## Exercise description
Please retype all of the records below word for word, leaving out any pictures.

## Data for processing
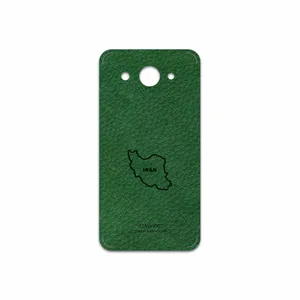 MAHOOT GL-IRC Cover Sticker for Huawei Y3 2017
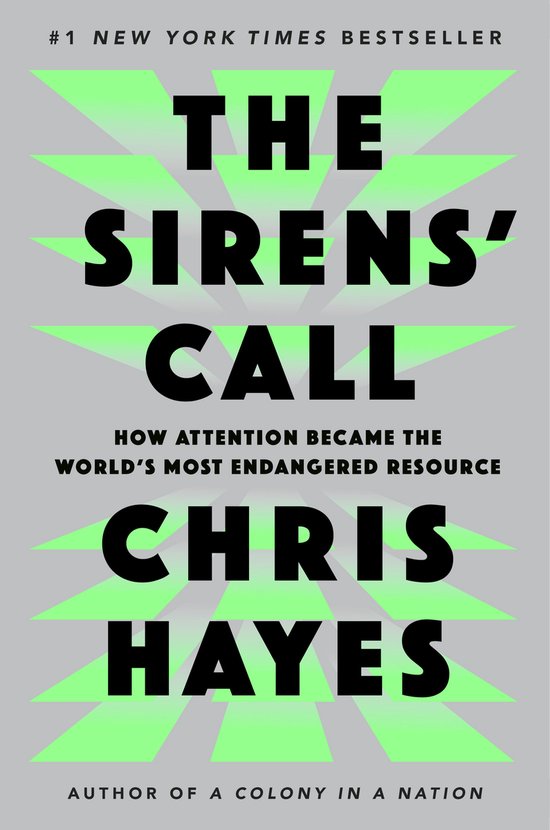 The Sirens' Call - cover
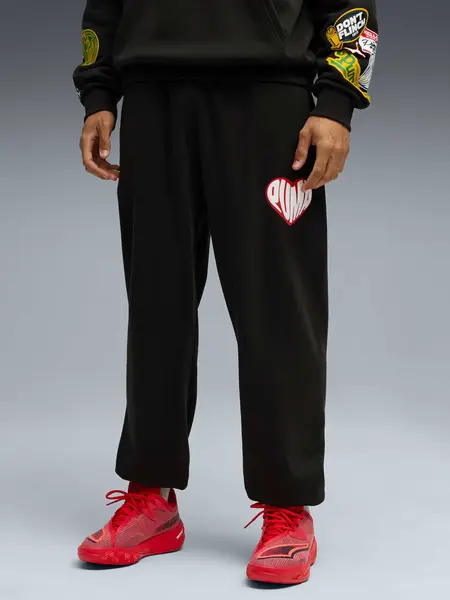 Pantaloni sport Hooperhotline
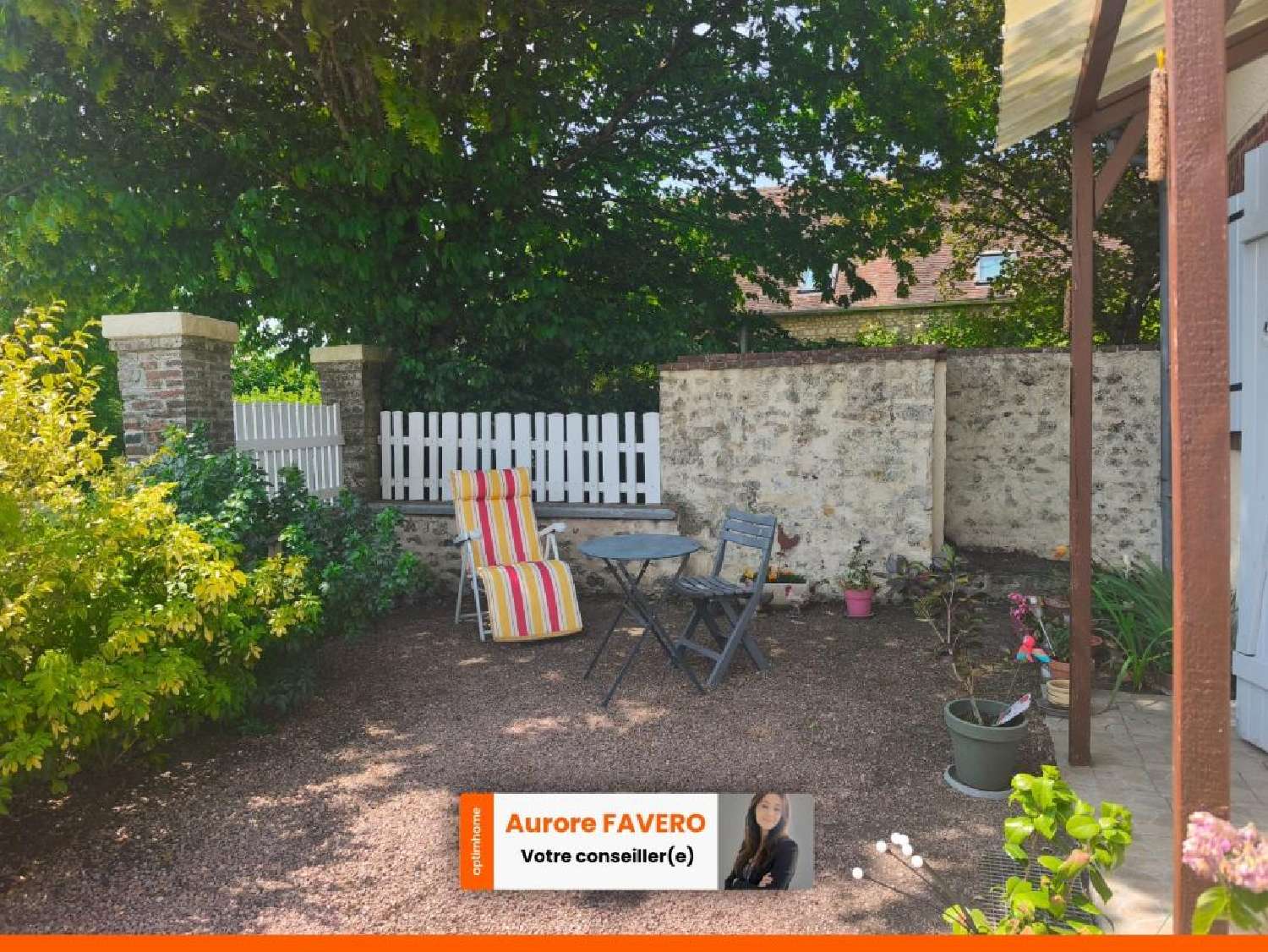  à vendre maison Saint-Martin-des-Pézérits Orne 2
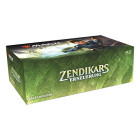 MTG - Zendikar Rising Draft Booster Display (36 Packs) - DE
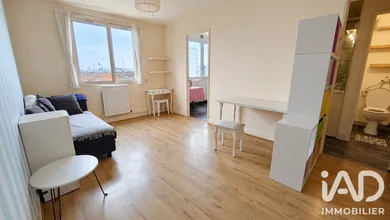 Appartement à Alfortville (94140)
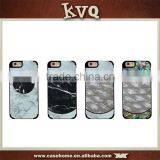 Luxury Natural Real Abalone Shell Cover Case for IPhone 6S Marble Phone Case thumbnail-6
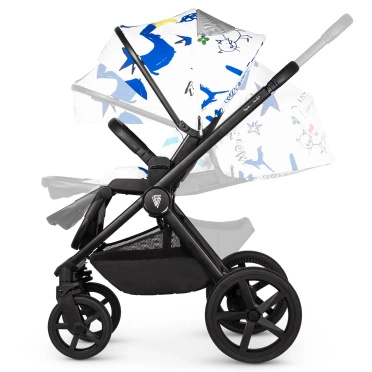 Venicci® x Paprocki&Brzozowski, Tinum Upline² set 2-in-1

## Task response
 MAHOOT GL-IRC Cover Sticker for Huawei Y3 2017
 The Sirens' Call - cover
 Pantaloni sport Hooperhotline
  à vendre maison Saint-Martin-des-Pézérits Orne 2
 MTG - Zendikar Rising Draft Booster Display (36 Packs) - DE
 Appartement à Alfortville (94140)
 Luxury Natural Real Abalone Shell Cover Case for IPhone 6S Marble Phone Case thumbnail-6
 Venicci® x Paprocki&Brzozowski, Tinum Upline² set 2-in-1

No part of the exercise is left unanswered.